Enbridge achète Spectra Energy

Photo: Jonathan Hayward La Presse canadienne

Le géant canadien des hydrocarbures Enbridge a annoncé mardi son intention d’acheter la firme américaine Spectra Energy par l’entremise d’une transaction amicale tout en actions évaluée à 37 milliards.

Le regroupement créerait la plus grande société d’infrastructures énergétiques en Amérique du Nord et une des plus grandes sociétés du secteur de l’énergie au monde, avec une valeur combinée d’environ 165 milliards.

L’entente augmenterait en outre l’exposition de la société de Calgary aux activités liées au gaz naturel, ainsi que sa portée à travers le continent, a estimé mardi le chef de la direction d’Enbridge, Al Monaco, lors d’une conférence téléphonique avec des analystes.

« Il s’agit d’une opération transformationnelle pour les deux sociétés qui permet d’atteindre une envergure, une diversité et une souplesse financière sans égales grâce à de nombreuses plateformes pour la croissance interne », a affirmé M. Monaco, qui sera le président et chef de la direction de la nouvelle entité.

L’entente apporte une diversité bien plus importante aux deux entreprises, a souligné l’analyste Dirk Lever, de la firme AltaCorp Capital.

« Enbridge était beaucoup plus une société liée au pétrole et Spectra, au gaz naturel.
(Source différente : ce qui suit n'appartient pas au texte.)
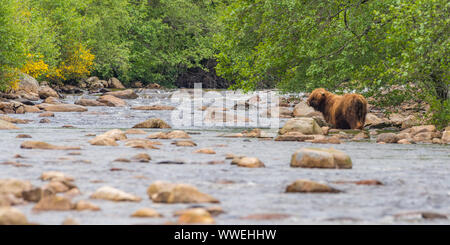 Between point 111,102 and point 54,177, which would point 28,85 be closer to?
point 111,102

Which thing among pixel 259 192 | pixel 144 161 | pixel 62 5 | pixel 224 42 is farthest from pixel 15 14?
pixel 259 192

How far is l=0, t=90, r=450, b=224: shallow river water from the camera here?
5.20 metres

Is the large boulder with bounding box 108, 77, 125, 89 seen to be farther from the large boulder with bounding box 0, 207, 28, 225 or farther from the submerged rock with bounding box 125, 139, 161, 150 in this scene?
the large boulder with bounding box 0, 207, 28, 225

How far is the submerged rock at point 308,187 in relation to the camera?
6371mm

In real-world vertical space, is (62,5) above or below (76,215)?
above

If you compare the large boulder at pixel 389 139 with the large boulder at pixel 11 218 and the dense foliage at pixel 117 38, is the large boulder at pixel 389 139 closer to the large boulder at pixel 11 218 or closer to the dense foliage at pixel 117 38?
the large boulder at pixel 11 218

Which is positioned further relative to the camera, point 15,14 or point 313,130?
point 15,14

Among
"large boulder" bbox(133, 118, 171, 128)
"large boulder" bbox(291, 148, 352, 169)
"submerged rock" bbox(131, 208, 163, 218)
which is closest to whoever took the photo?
"submerged rock" bbox(131, 208, 163, 218)

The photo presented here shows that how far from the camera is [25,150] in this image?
10.3m

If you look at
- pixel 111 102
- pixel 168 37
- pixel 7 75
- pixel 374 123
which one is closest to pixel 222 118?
pixel 374 123

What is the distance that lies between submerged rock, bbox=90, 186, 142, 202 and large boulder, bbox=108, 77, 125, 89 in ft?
144

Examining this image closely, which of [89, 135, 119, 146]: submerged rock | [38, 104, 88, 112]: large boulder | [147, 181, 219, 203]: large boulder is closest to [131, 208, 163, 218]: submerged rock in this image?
[147, 181, 219, 203]: large boulder

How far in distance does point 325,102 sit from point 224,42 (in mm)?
4571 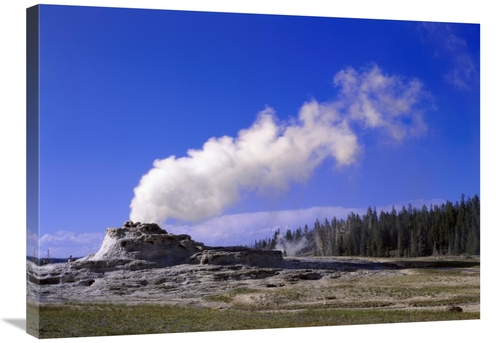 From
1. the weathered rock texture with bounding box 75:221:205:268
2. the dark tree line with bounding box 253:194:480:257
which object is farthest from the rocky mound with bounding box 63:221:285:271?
the dark tree line with bounding box 253:194:480:257

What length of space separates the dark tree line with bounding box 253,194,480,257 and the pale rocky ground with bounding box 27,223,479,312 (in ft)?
0.92

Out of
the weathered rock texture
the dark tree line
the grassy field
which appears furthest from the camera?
the dark tree line

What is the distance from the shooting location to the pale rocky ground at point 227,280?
20484 mm

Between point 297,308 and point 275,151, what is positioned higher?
point 275,151

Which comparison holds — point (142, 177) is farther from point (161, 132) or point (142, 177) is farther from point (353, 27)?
point (353, 27)

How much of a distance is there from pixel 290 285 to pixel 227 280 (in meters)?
1.27

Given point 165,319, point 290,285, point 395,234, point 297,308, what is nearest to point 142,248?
point 165,319

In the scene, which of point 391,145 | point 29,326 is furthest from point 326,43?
point 29,326

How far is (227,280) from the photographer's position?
21.4 metres

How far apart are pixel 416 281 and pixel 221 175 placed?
4.60 m

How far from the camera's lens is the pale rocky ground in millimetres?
20484

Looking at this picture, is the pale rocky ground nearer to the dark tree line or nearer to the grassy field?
the grassy field

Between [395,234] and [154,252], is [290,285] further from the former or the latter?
[395,234]

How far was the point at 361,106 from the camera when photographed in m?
22.6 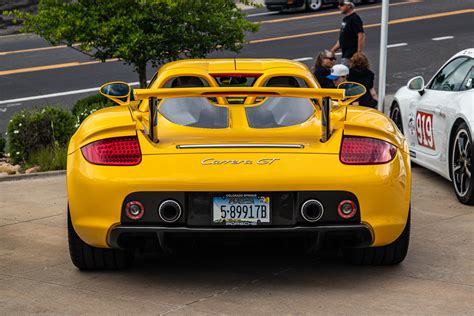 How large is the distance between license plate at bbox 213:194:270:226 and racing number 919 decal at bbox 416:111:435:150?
14.5 feet

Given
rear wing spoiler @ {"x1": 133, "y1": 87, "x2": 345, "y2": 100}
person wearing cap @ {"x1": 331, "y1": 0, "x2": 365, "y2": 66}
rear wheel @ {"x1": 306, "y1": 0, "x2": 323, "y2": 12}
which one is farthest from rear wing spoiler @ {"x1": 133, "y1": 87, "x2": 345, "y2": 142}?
rear wheel @ {"x1": 306, "y1": 0, "x2": 323, "y2": 12}

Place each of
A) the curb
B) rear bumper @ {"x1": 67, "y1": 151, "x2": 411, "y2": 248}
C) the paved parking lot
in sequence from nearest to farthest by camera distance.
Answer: the paved parking lot < rear bumper @ {"x1": 67, "y1": 151, "x2": 411, "y2": 248} < the curb

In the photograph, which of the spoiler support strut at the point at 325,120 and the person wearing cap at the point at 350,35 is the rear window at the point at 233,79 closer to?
the spoiler support strut at the point at 325,120

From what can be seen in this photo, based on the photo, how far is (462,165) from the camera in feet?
31.4

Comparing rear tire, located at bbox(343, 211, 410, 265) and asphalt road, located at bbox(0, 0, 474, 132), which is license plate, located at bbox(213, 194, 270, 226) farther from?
asphalt road, located at bbox(0, 0, 474, 132)

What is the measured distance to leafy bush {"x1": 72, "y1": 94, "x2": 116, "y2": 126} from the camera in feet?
44.1

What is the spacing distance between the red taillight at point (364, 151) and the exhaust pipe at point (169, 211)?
99cm

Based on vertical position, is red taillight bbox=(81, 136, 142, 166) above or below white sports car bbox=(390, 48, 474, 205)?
above

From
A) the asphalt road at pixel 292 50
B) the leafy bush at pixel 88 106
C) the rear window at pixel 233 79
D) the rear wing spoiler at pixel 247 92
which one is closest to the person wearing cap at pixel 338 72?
the leafy bush at pixel 88 106

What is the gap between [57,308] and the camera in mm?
6250

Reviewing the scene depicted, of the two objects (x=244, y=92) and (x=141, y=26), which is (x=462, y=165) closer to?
(x=244, y=92)

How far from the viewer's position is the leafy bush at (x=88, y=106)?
529 inches

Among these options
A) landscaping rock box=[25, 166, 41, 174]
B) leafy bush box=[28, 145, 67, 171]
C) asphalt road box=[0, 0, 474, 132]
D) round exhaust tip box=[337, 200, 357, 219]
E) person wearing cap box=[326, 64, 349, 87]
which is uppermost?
round exhaust tip box=[337, 200, 357, 219]

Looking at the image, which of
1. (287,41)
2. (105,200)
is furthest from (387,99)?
(105,200) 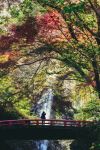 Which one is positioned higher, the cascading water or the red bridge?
the cascading water

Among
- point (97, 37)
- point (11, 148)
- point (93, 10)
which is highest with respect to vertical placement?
point (93, 10)

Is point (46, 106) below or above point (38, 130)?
above

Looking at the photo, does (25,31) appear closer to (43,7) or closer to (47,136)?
(43,7)

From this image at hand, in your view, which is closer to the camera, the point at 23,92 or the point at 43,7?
the point at 43,7

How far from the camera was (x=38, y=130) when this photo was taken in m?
26.7

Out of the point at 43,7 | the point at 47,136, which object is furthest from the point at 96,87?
the point at 47,136

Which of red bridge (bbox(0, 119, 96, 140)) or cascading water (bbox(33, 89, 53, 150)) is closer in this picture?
red bridge (bbox(0, 119, 96, 140))

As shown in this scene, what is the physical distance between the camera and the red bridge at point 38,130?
26.1 meters

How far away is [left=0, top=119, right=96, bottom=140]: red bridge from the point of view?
85.7 ft

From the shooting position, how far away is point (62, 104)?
94.2 ft

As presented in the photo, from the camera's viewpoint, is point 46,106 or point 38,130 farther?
point 46,106

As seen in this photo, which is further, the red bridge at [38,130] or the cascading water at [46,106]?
the cascading water at [46,106]

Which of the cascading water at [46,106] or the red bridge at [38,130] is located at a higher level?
the cascading water at [46,106]

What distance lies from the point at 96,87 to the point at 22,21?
486cm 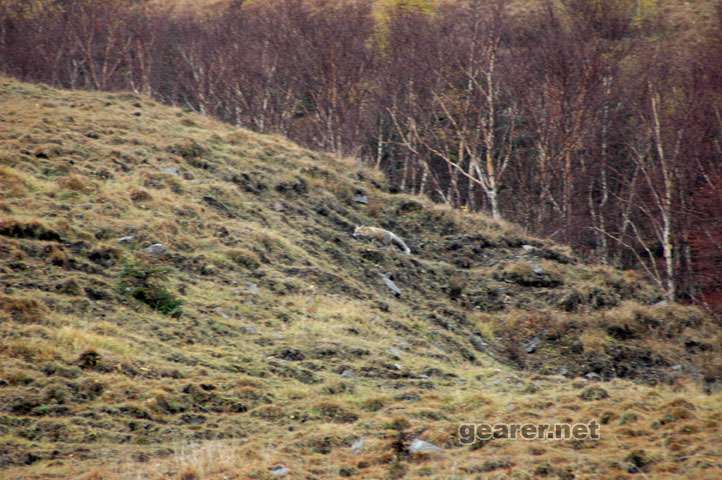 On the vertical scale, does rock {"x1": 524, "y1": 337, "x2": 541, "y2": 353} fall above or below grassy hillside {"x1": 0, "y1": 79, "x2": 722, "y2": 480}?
below

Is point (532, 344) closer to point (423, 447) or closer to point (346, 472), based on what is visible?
point (423, 447)

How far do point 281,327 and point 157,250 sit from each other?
8.61ft

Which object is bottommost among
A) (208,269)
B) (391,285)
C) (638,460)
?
(391,285)

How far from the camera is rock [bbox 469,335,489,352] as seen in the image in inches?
619

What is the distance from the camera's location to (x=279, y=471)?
824 cm

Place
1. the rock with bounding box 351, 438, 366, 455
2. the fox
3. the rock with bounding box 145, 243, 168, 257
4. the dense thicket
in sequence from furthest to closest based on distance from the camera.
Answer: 1. the dense thicket
2. the fox
3. the rock with bounding box 145, 243, 168, 257
4. the rock with bounding box 351, 438, 366, 455

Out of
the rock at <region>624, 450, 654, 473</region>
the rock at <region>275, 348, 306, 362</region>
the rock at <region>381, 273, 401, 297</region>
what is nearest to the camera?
the rock at <region>624, 450, 654, 473</region>

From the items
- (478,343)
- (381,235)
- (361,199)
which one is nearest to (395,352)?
(478,343)

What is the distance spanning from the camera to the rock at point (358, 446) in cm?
882

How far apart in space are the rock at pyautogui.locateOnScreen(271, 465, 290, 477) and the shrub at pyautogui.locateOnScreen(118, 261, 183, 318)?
179 inches

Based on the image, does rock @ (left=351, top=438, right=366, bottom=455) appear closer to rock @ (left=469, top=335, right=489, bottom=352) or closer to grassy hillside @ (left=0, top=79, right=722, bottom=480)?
grassy hillside @ (left=0, top=79, right=722, bottom=480)

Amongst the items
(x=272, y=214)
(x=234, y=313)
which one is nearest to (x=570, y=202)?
(x=272, y=214)

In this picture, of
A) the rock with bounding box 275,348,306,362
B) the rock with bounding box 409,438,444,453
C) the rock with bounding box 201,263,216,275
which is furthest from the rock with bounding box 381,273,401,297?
the rock with bounding box 409,438,444,453

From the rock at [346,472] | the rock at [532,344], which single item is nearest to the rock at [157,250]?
the rock at [346,472] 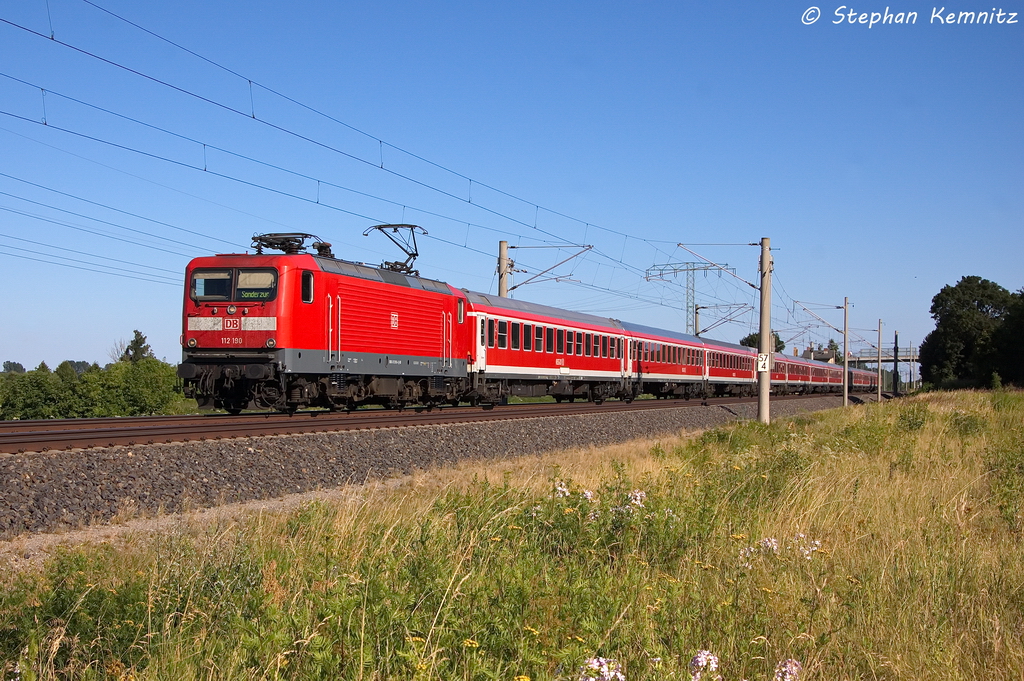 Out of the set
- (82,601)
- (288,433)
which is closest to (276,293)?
→ (288,433)

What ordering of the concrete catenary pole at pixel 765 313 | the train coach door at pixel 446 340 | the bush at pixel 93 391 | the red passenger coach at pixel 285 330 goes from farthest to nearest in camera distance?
the bush at pixel 93 391 < the concrete catenary pole at pixel 765 313 < the train coach door at pixel 446 340 < the red passenger coach at pixel 285 330

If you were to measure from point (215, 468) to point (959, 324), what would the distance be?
3962 inches

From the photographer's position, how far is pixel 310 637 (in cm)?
455

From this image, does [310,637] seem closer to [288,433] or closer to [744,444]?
[288,433]

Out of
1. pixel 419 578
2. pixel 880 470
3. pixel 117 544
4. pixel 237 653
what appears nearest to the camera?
pixel 237 653

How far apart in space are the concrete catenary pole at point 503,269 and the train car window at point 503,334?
2521 millimetres

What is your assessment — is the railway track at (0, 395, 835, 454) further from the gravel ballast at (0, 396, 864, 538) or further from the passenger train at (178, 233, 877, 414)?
the passenger train at (178, 233, 877, 414)

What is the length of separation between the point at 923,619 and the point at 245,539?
5.04 m

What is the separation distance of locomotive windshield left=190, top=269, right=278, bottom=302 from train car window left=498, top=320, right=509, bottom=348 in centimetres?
1090

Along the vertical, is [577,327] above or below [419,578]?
above

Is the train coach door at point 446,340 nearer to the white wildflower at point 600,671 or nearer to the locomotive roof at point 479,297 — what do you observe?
the locomotive roof at point 479,297

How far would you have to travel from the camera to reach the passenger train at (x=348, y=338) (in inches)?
716

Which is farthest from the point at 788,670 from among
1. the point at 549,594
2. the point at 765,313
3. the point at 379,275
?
the point at 765,313

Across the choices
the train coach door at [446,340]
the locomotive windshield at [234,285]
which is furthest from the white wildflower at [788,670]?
the train coach door at [446,340] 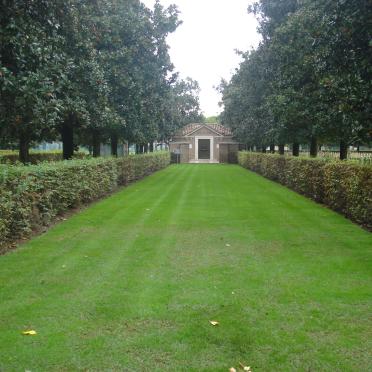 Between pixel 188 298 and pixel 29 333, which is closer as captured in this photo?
pixel 29 333

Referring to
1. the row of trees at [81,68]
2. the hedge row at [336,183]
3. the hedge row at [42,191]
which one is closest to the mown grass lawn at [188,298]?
the hedge row at [42,191]

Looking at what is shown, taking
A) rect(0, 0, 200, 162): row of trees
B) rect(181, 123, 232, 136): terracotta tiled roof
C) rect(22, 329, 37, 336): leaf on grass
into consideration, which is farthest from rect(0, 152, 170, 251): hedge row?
rect(181, 123, 232, 136): terracotta tiled roof

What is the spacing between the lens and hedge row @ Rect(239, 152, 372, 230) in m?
10.3

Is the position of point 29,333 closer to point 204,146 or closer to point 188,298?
point 188,298

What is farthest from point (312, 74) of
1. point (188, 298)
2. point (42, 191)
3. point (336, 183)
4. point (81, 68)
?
point (188, 298)

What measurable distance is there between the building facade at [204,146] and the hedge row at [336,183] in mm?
36441

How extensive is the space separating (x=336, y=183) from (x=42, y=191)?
7.69 m

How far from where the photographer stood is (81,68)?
1505cm

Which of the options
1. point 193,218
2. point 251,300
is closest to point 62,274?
point 251,300

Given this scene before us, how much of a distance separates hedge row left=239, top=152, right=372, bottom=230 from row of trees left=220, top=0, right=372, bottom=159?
86cm

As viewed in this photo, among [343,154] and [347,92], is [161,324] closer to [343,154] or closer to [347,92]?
[347,92]

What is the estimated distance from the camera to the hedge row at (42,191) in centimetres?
821

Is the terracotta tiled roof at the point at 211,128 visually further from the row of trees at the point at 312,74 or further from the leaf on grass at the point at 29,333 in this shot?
the leaf on grass at the point at 29,333

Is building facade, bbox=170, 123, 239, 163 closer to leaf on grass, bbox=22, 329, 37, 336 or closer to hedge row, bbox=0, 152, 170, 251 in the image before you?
hedge row, bbox=0, 152, 170, 251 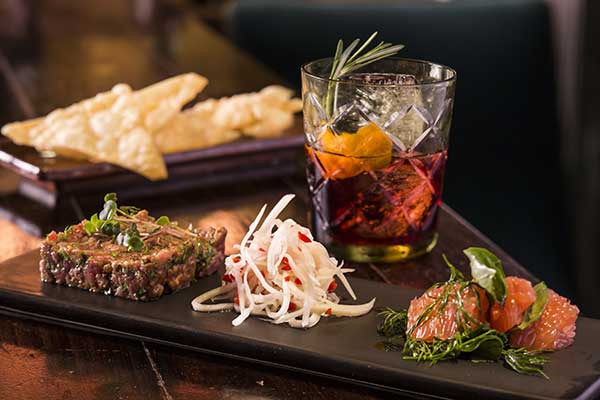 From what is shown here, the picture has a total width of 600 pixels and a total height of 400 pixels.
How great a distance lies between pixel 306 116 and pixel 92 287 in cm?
44

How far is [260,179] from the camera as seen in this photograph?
6.46ft

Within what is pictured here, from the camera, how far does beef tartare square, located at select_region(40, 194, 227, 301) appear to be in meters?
1.27

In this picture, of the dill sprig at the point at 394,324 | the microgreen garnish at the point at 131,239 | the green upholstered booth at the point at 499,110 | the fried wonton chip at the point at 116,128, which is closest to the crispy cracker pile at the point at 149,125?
the fried wonton chip at the point at 116,128

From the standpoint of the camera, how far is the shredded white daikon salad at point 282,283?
1.23 metres

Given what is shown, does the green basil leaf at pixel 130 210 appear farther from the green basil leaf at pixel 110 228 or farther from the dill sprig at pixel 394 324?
the dill sprig at pixel 394 324

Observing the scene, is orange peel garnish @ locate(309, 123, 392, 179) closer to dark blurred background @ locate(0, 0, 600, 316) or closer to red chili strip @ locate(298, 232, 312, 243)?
red chili strip @ locate(298, 232, 312, 243)

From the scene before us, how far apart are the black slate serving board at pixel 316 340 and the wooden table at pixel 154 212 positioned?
A: 23mm

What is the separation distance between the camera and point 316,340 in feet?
3.86

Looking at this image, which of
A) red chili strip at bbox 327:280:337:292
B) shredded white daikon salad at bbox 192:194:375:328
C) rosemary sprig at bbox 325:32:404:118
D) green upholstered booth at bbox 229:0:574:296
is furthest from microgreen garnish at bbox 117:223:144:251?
green upholstered booth at bbox 229:0:574:296

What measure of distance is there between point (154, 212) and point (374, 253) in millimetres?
443

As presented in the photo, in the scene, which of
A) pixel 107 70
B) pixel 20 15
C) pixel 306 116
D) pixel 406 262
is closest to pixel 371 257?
pixel 406 262

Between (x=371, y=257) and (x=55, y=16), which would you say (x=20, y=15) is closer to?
(x=55, y=16)

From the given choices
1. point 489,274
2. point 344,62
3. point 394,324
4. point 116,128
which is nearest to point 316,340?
point 394,324

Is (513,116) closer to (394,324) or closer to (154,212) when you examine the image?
(154,212) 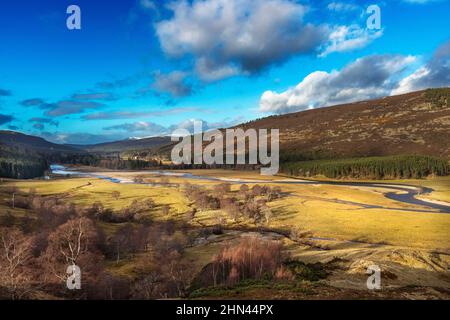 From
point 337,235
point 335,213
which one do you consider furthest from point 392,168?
point 337,235

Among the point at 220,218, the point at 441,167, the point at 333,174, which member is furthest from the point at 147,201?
the point at 441,167

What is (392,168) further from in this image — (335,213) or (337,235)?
(337,235)

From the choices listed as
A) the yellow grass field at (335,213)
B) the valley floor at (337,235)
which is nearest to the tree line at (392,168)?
the valley floor at (337,235)

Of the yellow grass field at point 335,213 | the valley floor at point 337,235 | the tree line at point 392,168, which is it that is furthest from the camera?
the tree line at point 392,168

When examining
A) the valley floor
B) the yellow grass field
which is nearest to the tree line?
the valley floor

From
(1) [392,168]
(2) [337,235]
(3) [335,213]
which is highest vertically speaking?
(1) [392,168]

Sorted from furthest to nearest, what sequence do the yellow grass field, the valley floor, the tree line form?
the tree line, the yellow grass field, the valley floor

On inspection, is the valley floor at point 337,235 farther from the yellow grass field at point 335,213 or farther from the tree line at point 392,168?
the tree line at point 392,168

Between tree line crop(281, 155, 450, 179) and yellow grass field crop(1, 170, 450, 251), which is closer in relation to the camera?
yellow grass field crop(1, 170, 450, 251)

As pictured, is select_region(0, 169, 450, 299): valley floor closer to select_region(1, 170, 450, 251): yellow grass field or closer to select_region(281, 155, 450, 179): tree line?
select_region(1, 170, 450, 251): yellow grass field

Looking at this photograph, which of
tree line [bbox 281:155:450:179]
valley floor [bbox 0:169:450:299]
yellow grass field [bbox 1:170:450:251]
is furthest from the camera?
tree line [bbox 281:155:450:179] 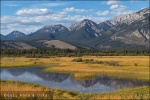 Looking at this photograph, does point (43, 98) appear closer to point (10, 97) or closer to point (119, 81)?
point (10, 97)

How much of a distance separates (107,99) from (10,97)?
29.1ft

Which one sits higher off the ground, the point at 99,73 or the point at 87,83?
the point at 99,73

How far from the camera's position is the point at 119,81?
6269 centimetres

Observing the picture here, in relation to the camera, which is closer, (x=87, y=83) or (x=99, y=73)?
(x=87, y=83)

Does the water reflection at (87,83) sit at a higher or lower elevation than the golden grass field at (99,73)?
lower

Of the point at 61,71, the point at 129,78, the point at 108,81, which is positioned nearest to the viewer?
the point at 108,81

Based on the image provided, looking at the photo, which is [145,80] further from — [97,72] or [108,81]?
[97,72]

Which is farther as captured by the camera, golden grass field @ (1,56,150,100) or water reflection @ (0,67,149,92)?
water reflection @ (0,67,149,92)

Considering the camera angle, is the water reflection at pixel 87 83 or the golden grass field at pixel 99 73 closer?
the golden grass field at pixel 99 73

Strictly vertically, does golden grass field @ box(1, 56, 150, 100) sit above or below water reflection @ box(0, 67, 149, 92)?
above

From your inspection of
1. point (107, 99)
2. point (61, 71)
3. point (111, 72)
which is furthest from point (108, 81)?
point (107, 99)

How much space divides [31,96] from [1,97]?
2.14m

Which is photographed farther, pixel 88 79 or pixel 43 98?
pixel 88 79

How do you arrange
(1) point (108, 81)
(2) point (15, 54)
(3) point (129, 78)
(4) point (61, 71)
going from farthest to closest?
(2) point (15, 54) < (4) point (61, 71) < (3) point (129, 78) < (1) point (108, 81) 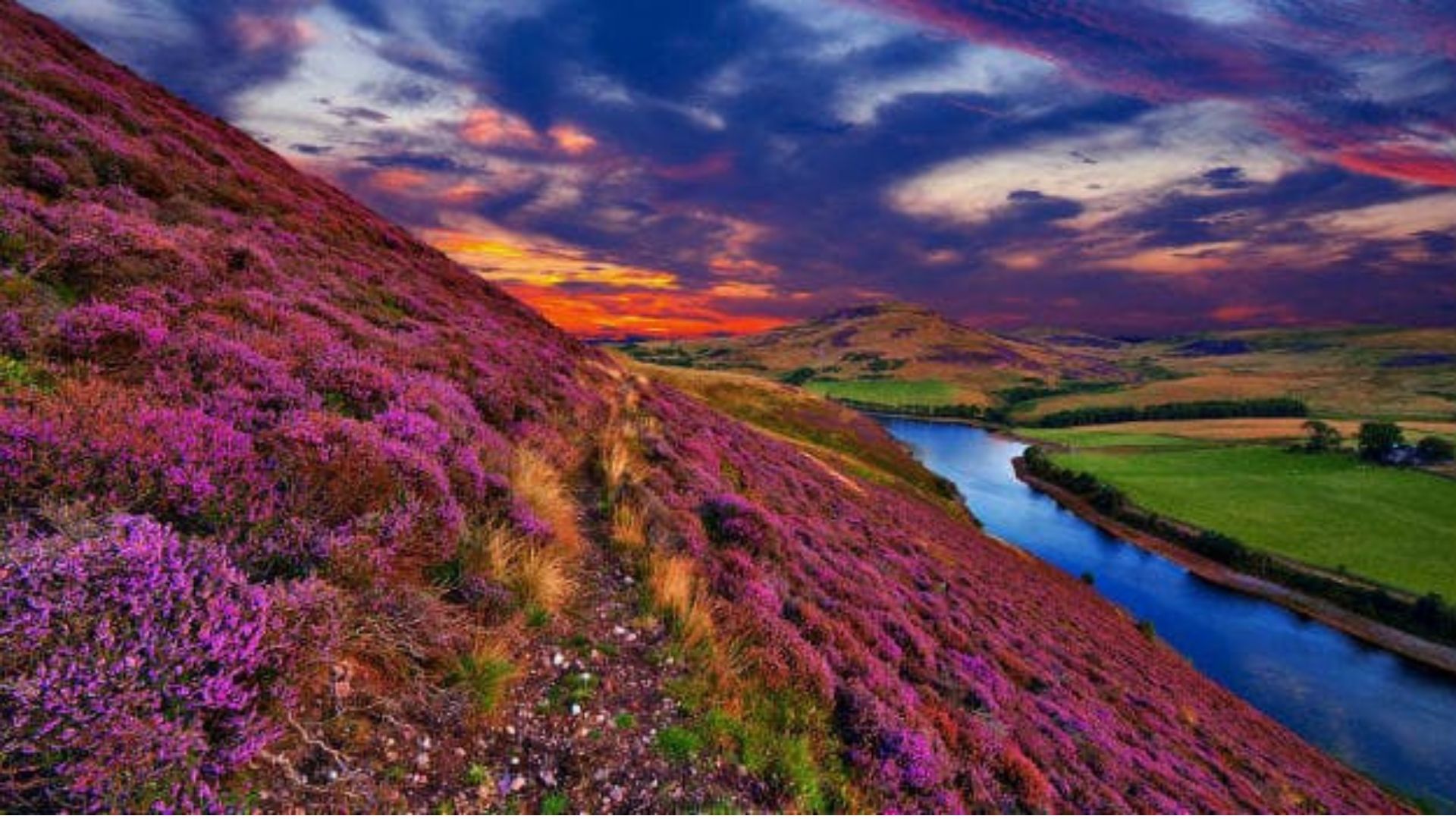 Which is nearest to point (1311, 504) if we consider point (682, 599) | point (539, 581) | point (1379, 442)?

En les regroupant, elles sont équilibrées », a jugé M. Lever.

Si l’entente est conclue, comme prévu, au début de l’an prochain, Spectra ajoutera ses 140 800 kilomètres de gazoducs à ceux d’Enbridge, pour un total de 165 600 kilomètres. Spectra regroupera aussi ses 2720 kilomètres de pipeline de liquides aux 27 260 kilomètres que détient déjà Enbridge.

Selon M. Lever, la résistance à laquelle les entreprises canadiennes et américaines se heurtent pour les nouveaux projets de pipelines a forcé les entreprises à se tourner vers les fusions et acquisitions pour croître.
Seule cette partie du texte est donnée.